§ **What is expected**:
Among the records that follow, find the line with "Последствия пала травы." and the line with "A Bull In A". Set down those lines and all lines between them exactly, without adding anything.

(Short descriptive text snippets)
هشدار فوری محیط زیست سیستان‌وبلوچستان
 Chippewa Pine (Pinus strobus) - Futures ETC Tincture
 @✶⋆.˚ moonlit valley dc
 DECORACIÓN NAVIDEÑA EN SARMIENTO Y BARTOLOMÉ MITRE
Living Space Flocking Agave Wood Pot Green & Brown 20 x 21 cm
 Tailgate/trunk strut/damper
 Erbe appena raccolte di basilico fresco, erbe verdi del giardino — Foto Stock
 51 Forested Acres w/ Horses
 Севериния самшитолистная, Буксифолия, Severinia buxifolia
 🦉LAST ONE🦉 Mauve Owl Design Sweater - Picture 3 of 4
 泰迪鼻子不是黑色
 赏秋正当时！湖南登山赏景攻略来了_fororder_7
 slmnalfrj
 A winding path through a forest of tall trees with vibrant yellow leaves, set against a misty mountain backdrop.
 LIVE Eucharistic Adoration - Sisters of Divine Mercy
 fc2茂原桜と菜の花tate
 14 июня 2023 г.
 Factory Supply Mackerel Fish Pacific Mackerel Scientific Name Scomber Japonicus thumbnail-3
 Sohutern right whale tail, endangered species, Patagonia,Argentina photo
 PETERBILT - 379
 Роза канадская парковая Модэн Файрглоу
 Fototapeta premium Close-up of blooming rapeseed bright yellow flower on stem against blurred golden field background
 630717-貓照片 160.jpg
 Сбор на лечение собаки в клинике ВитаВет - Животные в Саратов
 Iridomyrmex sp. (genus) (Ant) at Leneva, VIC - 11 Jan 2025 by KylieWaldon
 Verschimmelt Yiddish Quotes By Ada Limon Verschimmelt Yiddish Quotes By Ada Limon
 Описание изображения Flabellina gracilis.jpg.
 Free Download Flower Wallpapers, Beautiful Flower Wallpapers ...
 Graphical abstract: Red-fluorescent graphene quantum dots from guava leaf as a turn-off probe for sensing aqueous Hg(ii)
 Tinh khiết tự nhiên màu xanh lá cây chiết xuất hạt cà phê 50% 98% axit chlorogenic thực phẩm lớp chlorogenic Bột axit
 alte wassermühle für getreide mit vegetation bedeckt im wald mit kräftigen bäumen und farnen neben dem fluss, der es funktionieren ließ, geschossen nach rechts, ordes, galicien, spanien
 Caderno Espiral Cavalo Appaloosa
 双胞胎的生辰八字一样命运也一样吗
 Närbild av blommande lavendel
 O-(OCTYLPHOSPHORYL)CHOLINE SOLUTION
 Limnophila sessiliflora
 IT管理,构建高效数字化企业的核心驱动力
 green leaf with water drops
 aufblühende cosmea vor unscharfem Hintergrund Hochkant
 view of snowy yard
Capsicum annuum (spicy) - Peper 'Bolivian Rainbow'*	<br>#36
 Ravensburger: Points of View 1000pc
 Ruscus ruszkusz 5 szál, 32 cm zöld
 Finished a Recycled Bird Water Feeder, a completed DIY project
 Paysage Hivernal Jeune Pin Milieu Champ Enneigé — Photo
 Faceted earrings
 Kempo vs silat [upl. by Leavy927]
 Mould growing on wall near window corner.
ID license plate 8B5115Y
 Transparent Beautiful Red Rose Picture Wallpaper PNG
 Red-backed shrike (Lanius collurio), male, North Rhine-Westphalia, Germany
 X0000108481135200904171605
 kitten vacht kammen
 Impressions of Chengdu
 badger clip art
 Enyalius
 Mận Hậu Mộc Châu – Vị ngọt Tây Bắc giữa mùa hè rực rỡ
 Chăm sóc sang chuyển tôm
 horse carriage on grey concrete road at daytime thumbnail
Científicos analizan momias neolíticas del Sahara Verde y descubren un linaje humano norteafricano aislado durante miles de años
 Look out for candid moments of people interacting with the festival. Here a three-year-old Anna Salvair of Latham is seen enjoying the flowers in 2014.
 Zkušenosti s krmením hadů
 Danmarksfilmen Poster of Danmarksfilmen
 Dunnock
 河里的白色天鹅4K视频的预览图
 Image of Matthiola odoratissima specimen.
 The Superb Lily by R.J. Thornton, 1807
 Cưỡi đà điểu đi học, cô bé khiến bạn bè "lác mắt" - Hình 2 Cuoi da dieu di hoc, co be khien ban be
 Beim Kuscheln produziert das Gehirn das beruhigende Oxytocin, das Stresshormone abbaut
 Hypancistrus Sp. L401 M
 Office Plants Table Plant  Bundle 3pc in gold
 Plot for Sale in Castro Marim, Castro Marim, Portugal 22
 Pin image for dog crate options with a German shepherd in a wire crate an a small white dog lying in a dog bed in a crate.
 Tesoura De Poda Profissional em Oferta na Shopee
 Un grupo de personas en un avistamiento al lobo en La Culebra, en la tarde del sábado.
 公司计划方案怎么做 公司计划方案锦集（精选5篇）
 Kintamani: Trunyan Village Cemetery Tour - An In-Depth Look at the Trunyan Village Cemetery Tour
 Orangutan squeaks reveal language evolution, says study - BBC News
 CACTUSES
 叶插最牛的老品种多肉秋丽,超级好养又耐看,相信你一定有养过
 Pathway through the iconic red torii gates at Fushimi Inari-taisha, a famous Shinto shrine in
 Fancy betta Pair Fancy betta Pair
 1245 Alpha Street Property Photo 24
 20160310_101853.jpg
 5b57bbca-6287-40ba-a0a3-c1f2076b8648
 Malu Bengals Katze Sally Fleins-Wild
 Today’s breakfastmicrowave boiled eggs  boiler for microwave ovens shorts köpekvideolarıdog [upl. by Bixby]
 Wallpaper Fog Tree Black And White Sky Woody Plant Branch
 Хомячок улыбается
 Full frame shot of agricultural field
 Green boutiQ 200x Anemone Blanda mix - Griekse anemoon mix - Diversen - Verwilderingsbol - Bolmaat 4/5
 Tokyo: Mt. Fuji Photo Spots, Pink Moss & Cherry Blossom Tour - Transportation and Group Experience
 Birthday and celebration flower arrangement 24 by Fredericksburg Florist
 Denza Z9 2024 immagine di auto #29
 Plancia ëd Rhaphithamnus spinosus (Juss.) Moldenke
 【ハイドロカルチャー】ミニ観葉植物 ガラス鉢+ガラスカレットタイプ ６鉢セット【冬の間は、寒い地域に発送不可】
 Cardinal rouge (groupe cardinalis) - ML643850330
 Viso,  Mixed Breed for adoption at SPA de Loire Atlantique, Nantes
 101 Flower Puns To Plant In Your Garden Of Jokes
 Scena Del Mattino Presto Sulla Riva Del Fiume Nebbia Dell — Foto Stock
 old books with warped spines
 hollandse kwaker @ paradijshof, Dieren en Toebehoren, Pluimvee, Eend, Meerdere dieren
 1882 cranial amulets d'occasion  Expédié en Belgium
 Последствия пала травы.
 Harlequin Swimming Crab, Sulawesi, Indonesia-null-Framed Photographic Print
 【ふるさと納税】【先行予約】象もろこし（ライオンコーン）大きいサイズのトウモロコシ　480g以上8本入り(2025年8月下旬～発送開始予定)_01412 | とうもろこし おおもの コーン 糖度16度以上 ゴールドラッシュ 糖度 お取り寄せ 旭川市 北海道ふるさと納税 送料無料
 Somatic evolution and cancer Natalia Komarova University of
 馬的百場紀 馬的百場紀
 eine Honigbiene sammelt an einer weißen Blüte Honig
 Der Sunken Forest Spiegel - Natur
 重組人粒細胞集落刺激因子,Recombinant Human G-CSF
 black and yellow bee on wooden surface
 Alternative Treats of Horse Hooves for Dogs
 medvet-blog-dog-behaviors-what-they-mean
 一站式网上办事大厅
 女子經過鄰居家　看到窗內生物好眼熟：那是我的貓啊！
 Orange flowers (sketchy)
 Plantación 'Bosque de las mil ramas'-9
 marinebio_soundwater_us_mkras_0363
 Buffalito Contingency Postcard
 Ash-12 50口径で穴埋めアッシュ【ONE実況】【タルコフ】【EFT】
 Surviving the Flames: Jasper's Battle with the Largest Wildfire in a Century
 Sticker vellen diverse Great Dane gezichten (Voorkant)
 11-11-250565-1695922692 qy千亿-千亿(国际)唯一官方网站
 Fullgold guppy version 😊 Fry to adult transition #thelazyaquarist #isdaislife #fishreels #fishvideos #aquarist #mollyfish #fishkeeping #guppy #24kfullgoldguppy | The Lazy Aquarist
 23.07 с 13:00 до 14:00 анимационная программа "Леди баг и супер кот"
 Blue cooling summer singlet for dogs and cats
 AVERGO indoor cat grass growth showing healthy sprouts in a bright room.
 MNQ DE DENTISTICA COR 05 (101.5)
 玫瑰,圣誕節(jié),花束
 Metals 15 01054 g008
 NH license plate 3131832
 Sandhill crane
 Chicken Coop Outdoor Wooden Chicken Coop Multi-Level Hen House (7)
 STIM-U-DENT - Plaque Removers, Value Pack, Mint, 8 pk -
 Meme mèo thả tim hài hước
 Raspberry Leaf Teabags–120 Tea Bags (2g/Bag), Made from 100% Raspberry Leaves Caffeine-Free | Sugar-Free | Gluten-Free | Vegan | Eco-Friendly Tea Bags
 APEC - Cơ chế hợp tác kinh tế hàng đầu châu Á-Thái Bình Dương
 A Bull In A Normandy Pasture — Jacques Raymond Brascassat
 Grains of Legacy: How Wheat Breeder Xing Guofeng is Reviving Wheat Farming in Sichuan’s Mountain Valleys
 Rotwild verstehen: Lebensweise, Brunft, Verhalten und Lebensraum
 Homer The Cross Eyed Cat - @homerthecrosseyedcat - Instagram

§ **Result of this exercise**:
 Последствия пала травы.
 Harlequin Swimming Crab, Sulawesi, Indonesia-null-Framed Photographic Print
 【ふるさと納税】【先行予約】象もろこし（ライオンコーン）大きいサイズのトウモロコシ　480g以上8本入り(2025年8月下旬～発送開始予定)_01412 | とうもろこし おおもの コーン 糖度16度以上 ゴールドラッシュ 糖度 お取り寄せ 旭川市 北海道ふるさと納税 送料無料
 Somatic evolution and cancer Natalia Komarova University of
 馬的百場紀 馬的百場紀
 eine Honigbiene sammelt an einer weißen Blüte Honig
 Der Sunken Forest Spiegel - Natur
 重組人粒細胞集落刺激因子,Recombinant Human G-CSF
 black and yellow bee on wooden surface
 Alternative Treats of Horse Hooves for Dogs
 medvet-blog-dog-behaviors-what-they-mean
 一站式网上办事大厅
 女子經過鄰居家　看到窗內生物好眼熟：那是我的貓啊！
 Orange flowers (sketchy)
 Plantación 'Bosque de las mil ramas'-9
 marinebio_soundwater_us_mkras_0363
 Buffalito Contingency Postcard
 Ash-12 50口径で穴埋めアッシュ【ONE実況】【タルコフ】【EFT】
 Surviving the Flames: Jasper's Battle with the Largest Wildfire in a Century
 Sticker vellen diverse Great Dane gezichten (Voorkant)
 11-11-250565-1695922692 qy千亿-千亿(国际)唯一官方网站
 Fullgold guppy version 😊 Fry to adult transition #thelazyaquarist #isdaislife #fishreels #fishvideos #aquarist #mollyfish #fishkeeping #guppy #24kfullgoldguppy | The Lazy Aquarist
 23.07 с 13:00 до 14:00 анимационная программа "Леди баг и супер кот"
 Blue cooling summer singlet for dogs and cats
 AVERGO indoor cat grass growth showing healthy sprouts in a bright room.
 MNQ DE DENTISTICA COR 05 (101.5)
 玫瑰,圣誕節(jié),花束
 Metals 15 01054 g008
 NH license plate 3131832
 Sandhill crane
 Chicken Coop Outdoor Wooden Chicken Coop Multi-Level Hen House (7)
 STIM-U-DENT - Plaque Removers, Value Pack, Mint, 8 pk -
 Meme mèo thả tim hài hước
 Raspberry Leaf Teabags–120 Tea Bags (2g/Bag), Made from 100% Raspberry Leaves Caffeine-Free | Sugar-Free | Gluten-Free | Vegan | Eco-Friendly Tea Bags
 APEC - Cơ chế hợp tác kinh tế hàng đầu châu Á-Thái Bình Dương
 A Bull In A Normandy Pasture — Jacques Raymond Brascassat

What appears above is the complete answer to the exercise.